I’d won. I put my arms around her waist, hugged her tight. “They won’t let me in barefoot.”
“There’s a rummage sale this weekend,” she said, rumpling my hair. “Looks like I’d better cut that thick mop of yours, too.” She put her finger in front of her lips. “Let’s keep this just between the two of us for now,” she whispered, though there wasn’t anybody else around. “I’ll tell Vernon when the time is right.”
My older brother and I shared a tiny room off the kitchen, with one bed on either side of the short passageway that led to the not-much-bigger bedroom at the back end of the trailer where my parents slept, just a sliding door between the rooms. John had taped a photograph of dad to the wall over his bed. In it, dad’s head was tilted slightly, his lips curled into a barely discernible smile, his nearly-black hair slicked neatly back. He was shirtless, holding a beer in one hand. On the wall over my bed, I had taped dozens of puppy photos torn from old magazines – collies, German shepherds, retrievers, terriers, mutts – as many photos lapped over each other as would fit on the wall from my pillow to the ceiling.
On the night mom chose to tell dad about our concert in San Francisco, she wore a dress with little blue and yellow flowers on it. She had sewed a ruffle around the hem and designed a belt that tied around her waist and made a bow in the back. She put on lipstick, pinched her cheeks, let her long, wavy hair hang loose.
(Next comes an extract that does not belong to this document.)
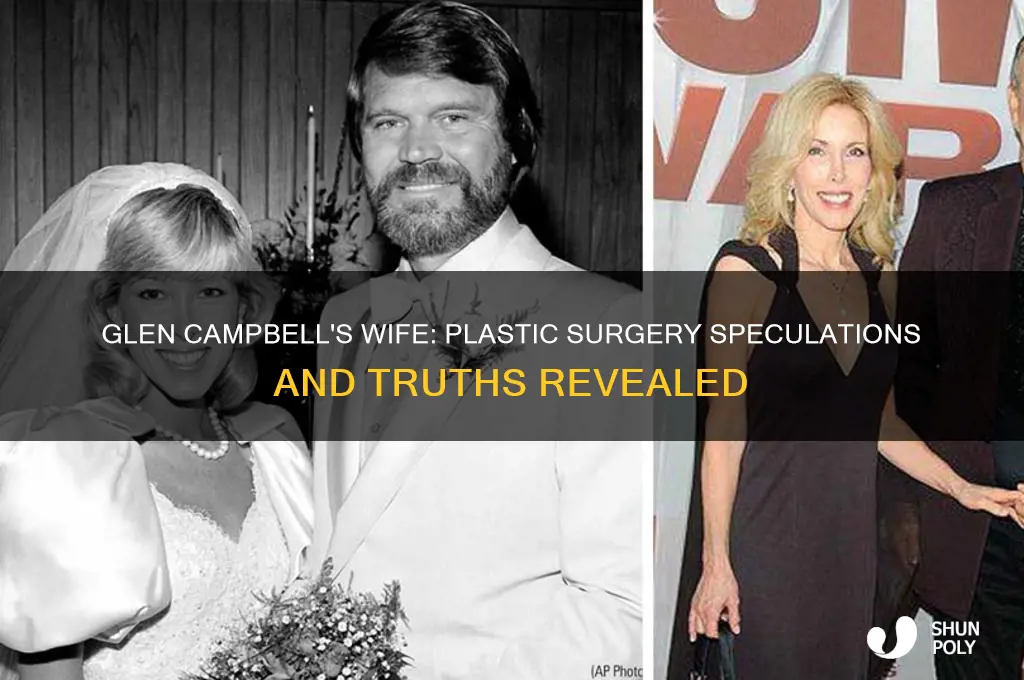 did glen cambells wife have plastic surgery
Dad took notice. “Well, look at you.” He put his hands around her waist as she put a cold beer on the weather-worn table. He patted his thighs, grinned, and said, “Sit yourself here for awhile.”
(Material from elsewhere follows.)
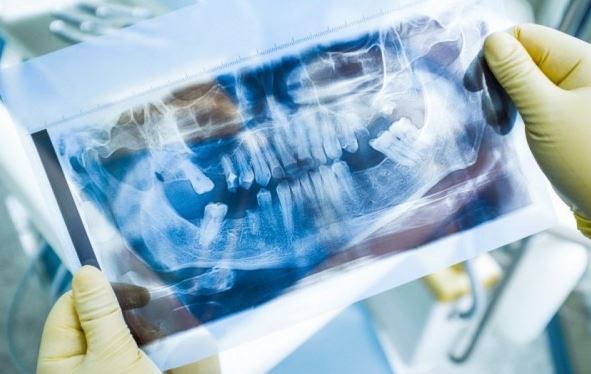 A saúde bucal e os riscos da estética facial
Mom laughed her flirty laugh as she put her arms around his neck, sat on his lap, laid her head on his shoulder. “So you like my new dress?” She snuggled her face into his neck.
“You don’t look like no mom of two boys, I’ll say that.”
She kissed him on the lips before she scooted off his lap. She went inside and brought out a loaf of bread hot from the oven, corn on the cob and baked potatoes piled onto a plate, fried Spam, sliced tomatoes. And, she had filled the icebox with Pabst Blue Ribbon.
She winked at Dad. “Let’s eat now. Later, John can take his little brother into town to watch the free movie tonight.”
“I’m thinking that’s the best idea I’ve heard all day,” Dad said, reaching for his beer.